With temperatures expected to hit the 90s this coming weekend, it’s finally starting to feel like summer. Bring it on!
If you’ve lived in the Redding or Red Bluff areas for any length of time, then you’ve heard the same anecdote over and over from people who reside in cooler climes. The story goes something like this: “I stopped there to get gas one time on my way to Ashland, and it must have been 120. It was so hot I thought I was going to melt right there at the Shell station. How do you stand it?”
Well, I stand it just fine, thank you. I’m one of those whackos who actually enjoys our sweltering summers – especially the pleasantly warm mornings and evenings. So I got to thinking about what I love about summertime in the Redding area. I cooked up a long list, but I narrowed it down to five, which I present here in no particular order. Feel free to chime in below with your favorites. And don’t forget the sunscreen.
• Free music. Wednesday nights offer Mosquito Serenade at Anderson River Park; the concert series began this week. MarketFest, starting next week, goes every Thursday afternoon and evening in downtown Redding. Friday, it’s off to Clair Engle Park in Shasta Lake for the Friday Night in the Park series, which opens its run today. For the next couple months, you may take in music al fresco three nights a week without spending a dime. I’m partial to Mosquito Serenade because of the delightful setting next to the Sacramento River and the mellow BYOB atmosphere. The Redding and Shasta Lake music nights come with a farmers’ market and cold beer on tap. Really, you can’t go wrong.
• Summer camp. I’m not talking about kids playing capture the flag and having food fights in the cafeteria. I’m talking about football. Summer camps for NFL teams open in late July, and local kids playing high school or community college ball will start making the pads pop in August. Actually, plenty of youth players will be on the gridiron even earlier for football skills camps. In the summer, every football team is undefeated, every football player has hope and sky-high enthusiasm. Tap into this energy if you need motivation to get your exercise program in gear. Spend only half an hour watching the young men at your local high school running drills and slamming into the blocking sled, and you’ll feel like a wimp.
• Cooling off at the lake.
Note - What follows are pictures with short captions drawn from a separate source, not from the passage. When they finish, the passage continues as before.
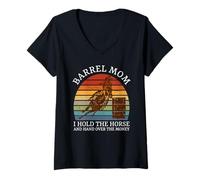 Womens Barrel Mom Funny Barrel Racing V-Neck T-Shirt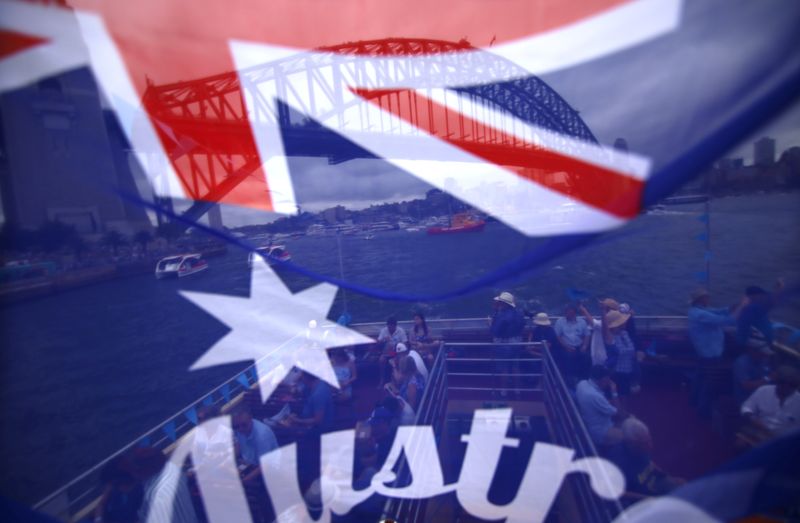 Passengers aboard a ferry can be seen through an Australian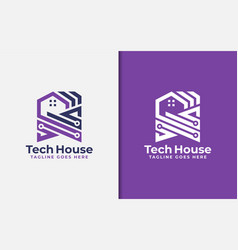 Abstract tech house logo design modern house Vector Image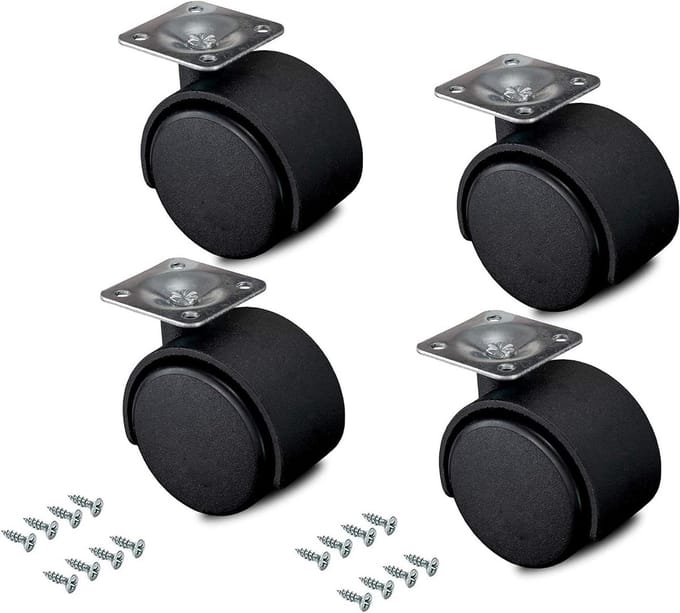 Set van 4 Zwenkwielen 40 mm met Draaiplateau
Plenty of people around here own boats they keep on Shasta Lake. Some people swear by the less-crowded Trinity Lake. Some go all the way to Lake Almanor, where the weather is always cooler. Personally, I favor Whiskeytown Lake because it’s just over the hill, it’s always full, and it offers countless beaches and swimming holes where you may literally go jump in the lake.
• Getting outside at odd hours. Because the sun tends to be so intense during the summer, the best time to get out for a hike, run or bicycle ride is often before 10 a.m. or after 7 p.m. Sometimes way before 10 or way after 7. Last year, I wrote about a group run around Whiskeytown Lake that started at 5:45 in the morning, and I know a guy who begins his summertime runs as early as 4 a.m. I’m not a morning person, but there’s something satisfying about watching the sun rise while you’re pushing hard up a trail. Likewise, I find walking, running or riding the Sacramento River bike path or the rail trail along Keswick Reservoir after the sun drops behind the mountains to be a perfect cap on the day.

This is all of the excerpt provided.